**Task goal**
When you copy the listing, skip the images and return each line verbatim.

------ Stored data

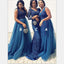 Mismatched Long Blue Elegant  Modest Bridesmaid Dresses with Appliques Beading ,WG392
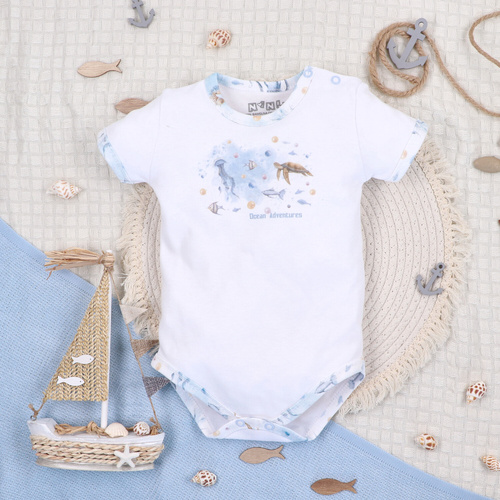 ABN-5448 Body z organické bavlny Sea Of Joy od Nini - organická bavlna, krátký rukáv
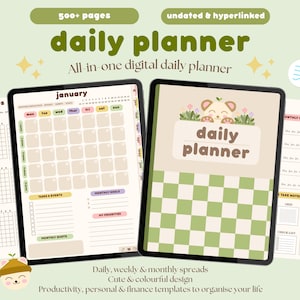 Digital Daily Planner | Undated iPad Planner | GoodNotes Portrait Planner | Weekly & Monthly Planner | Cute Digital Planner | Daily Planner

------------

**Response area**
 Mismatched Long Blue Elegant  Modest Bridesmaid Dresses with Appliques Beading ,WG392
 ABN-5448 Body z organické bavlny Sea Of Joy od Nini - organická bavlna, krátký rukáv
 Digital Daily Planner | Undated iPad Planner | GoodNotes Portrait Planner | Weekly & Monthly Planner | Cute Digital Planner | Daily Planner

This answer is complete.